Empezamos nuestro viaje desde el centro de la tierra. El
Snæfellsjökull lucía orgulloso de su grandiosidad y tomaba el sol en un día
espléndido.
Mientras preparábamos las bicis el pájaro que nos había
amenazado el día anterior, nos regaló la imagen del día cuando se abalanzó
sobre una pareja que caminaba muy cerca de su cría. Ver a un pájaro ganando la
batalla contra dos humanos que retrocedían y se agachaban gritando, nos hizo
llorar de la risa. Esta escena y el azul del cielo, nos ayudaron a afrontar las
subidas todavía sonriendo.
Nos esperaba un día largo, ya que después de los
50km, en Vegamót cogíamos un bus para ahorrarnos los 60km que lo separan, y ya habíamos
recorrido previamente, de Borgarnes.
Una vez llegamos a Vegamót tras unas 4 horas en bici,
conocimos a un hombre de unos 60 años americano y con una sonrisa de John
Wayne, que también iba en bici. Llevaba 80 días en la isla y era su tercera
visita. Era profesor de matemáticas y no podía ocultar sus ganas de hablar, así
que nos ayudó a que se hiciera la hora de partir casi sin darnos cuenta.
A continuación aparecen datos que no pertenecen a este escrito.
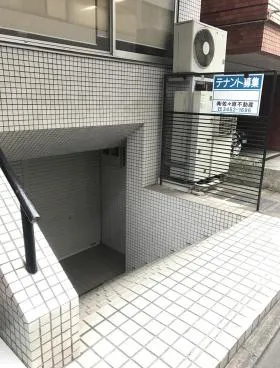第一KNビルの外観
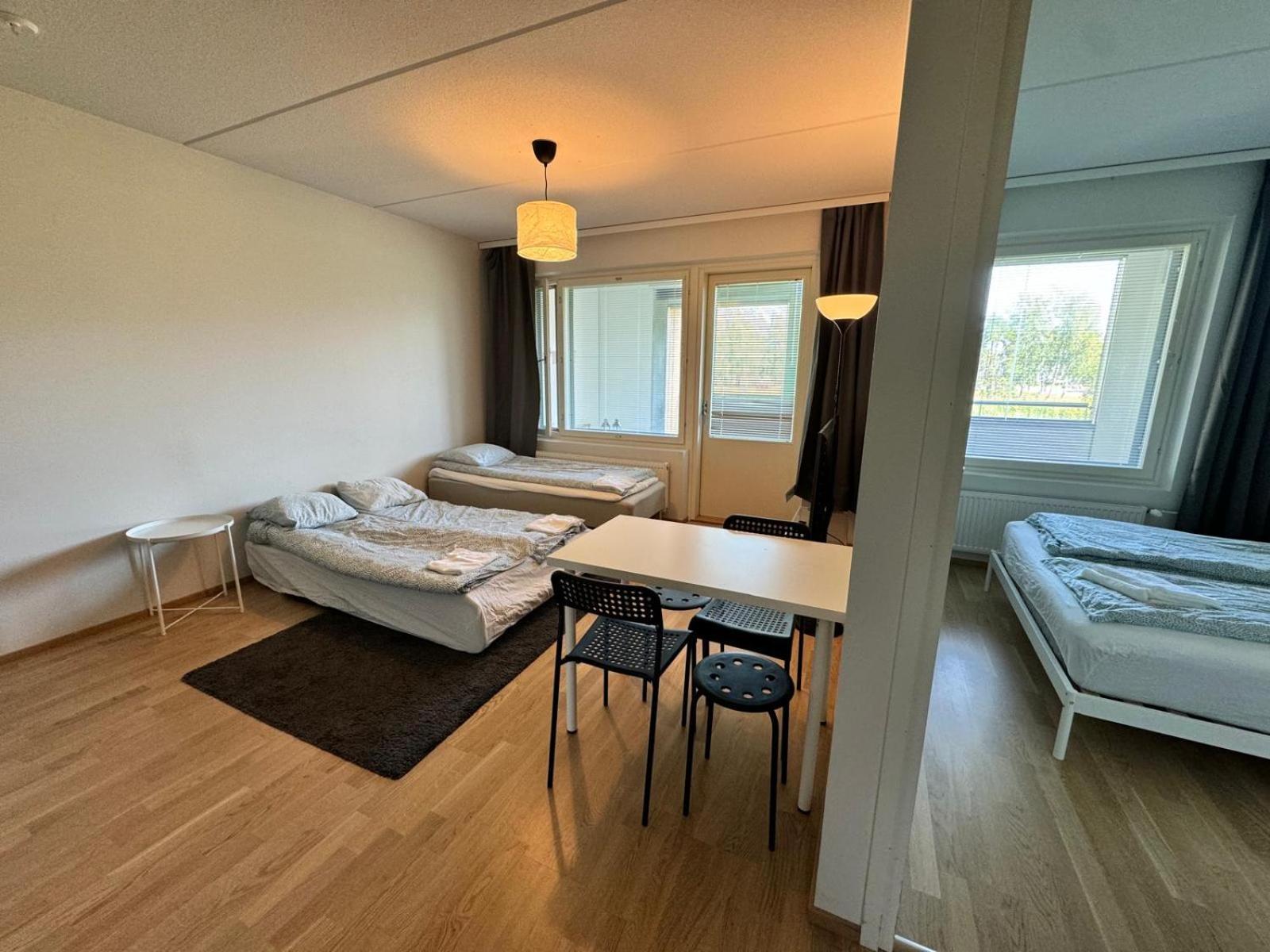 Easy Stay Rooms & Apartments Near Airport Vantaa Esterno foto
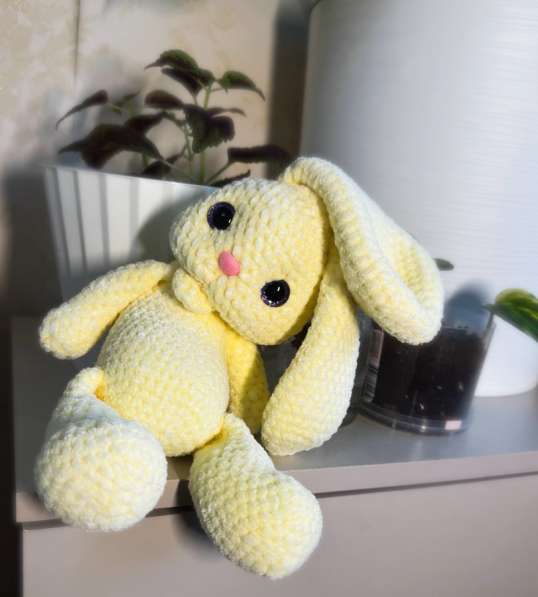 Вязаная плюшевая игрушка зайка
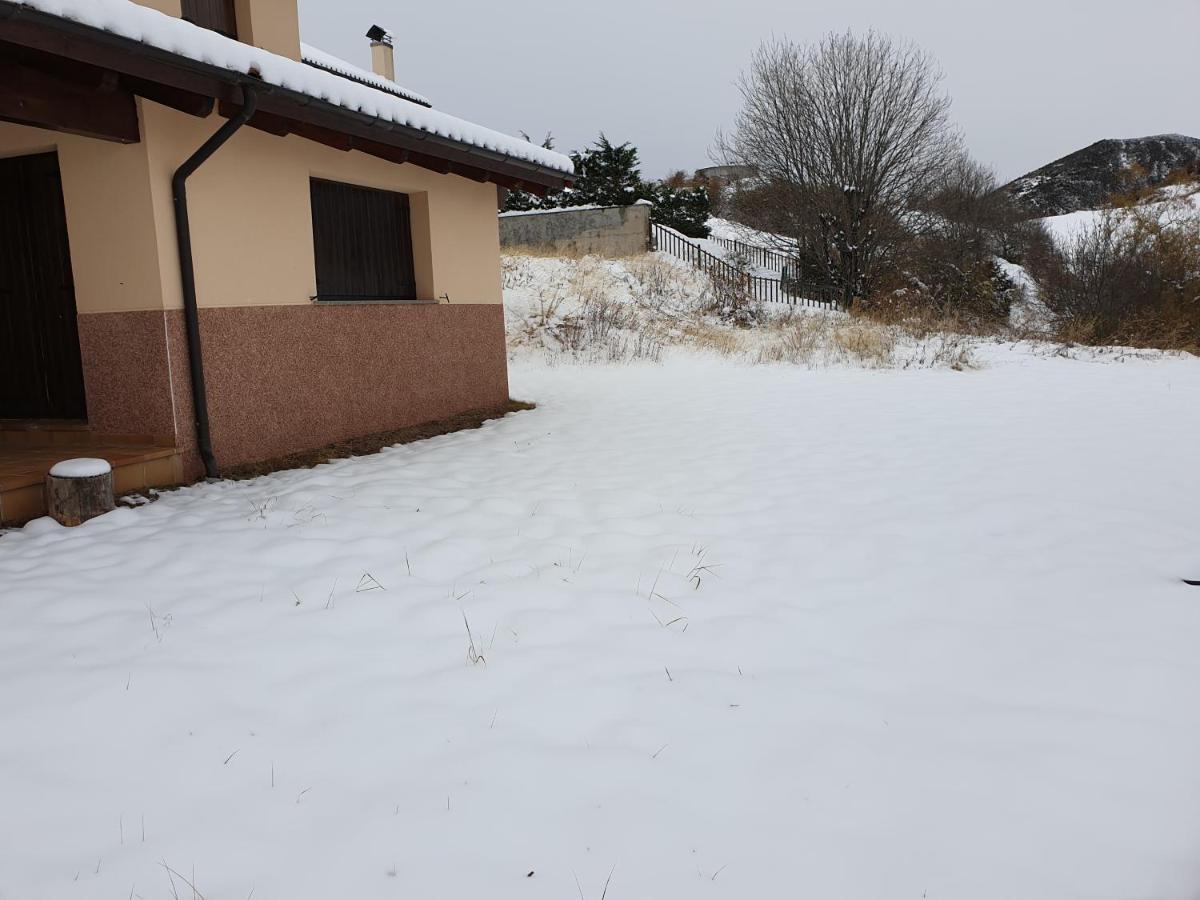Chalet En El Pirineo De Aragon Neril المظهر الخارجي الصورة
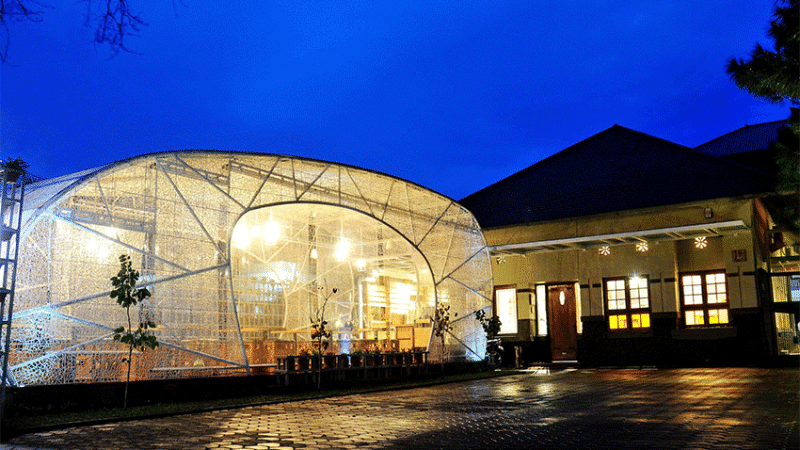 Hummingbird Eatery & Space di Bandung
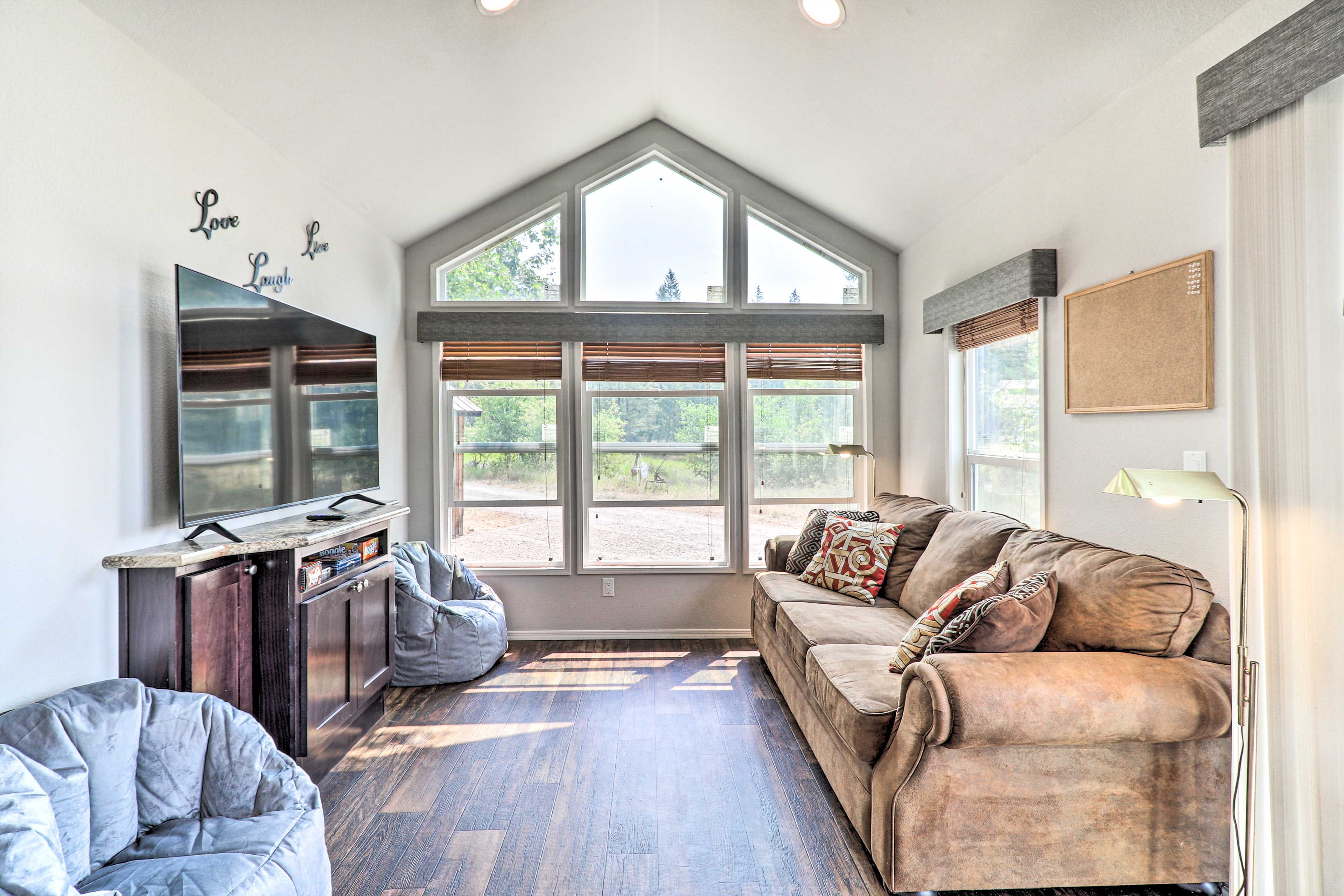 Living Room | Smart TV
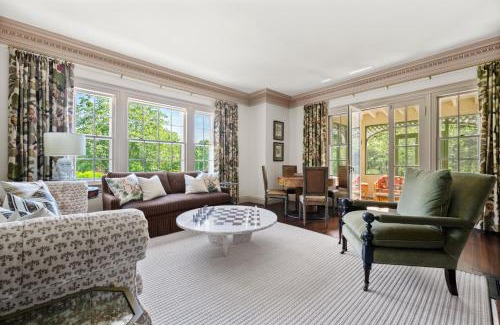 Dedham House | Lavish Boston Mansion For Short And Mid Term Stays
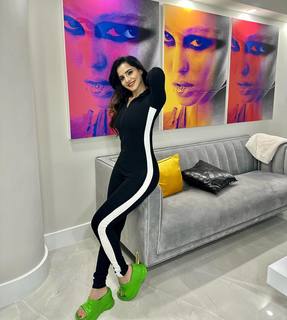 Ashu Reddy feet photo 2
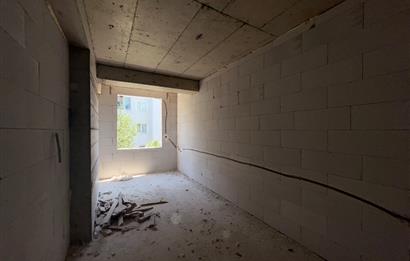 Koşuyolu Gülistan sitesi’nde şık ve konforlu daire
En Borgarnes soplaba un viento de esos que despeinan y
tuvimos el tiempo justo para hacer una visita antes de que cerrasen el Bónus
(el supermercado más barato), para reponer víveres y rellenar las alforjas. Con
todos los objetivos del día cumplidos, no podíamos fallar a nuestra visita a la
Sundlaug. Observé algo que hacían los
lugareños: después de estar en remojo a 42º, aguantaban unos tres o cuatro minutos
en una bañera de agua helada sumergidos hasta el cuello. Este sufrimiento
placentero, que tras dudar un poco probé, te sumía en una relajación tan
profunda que te hacía sentir flotar en lugar de andar.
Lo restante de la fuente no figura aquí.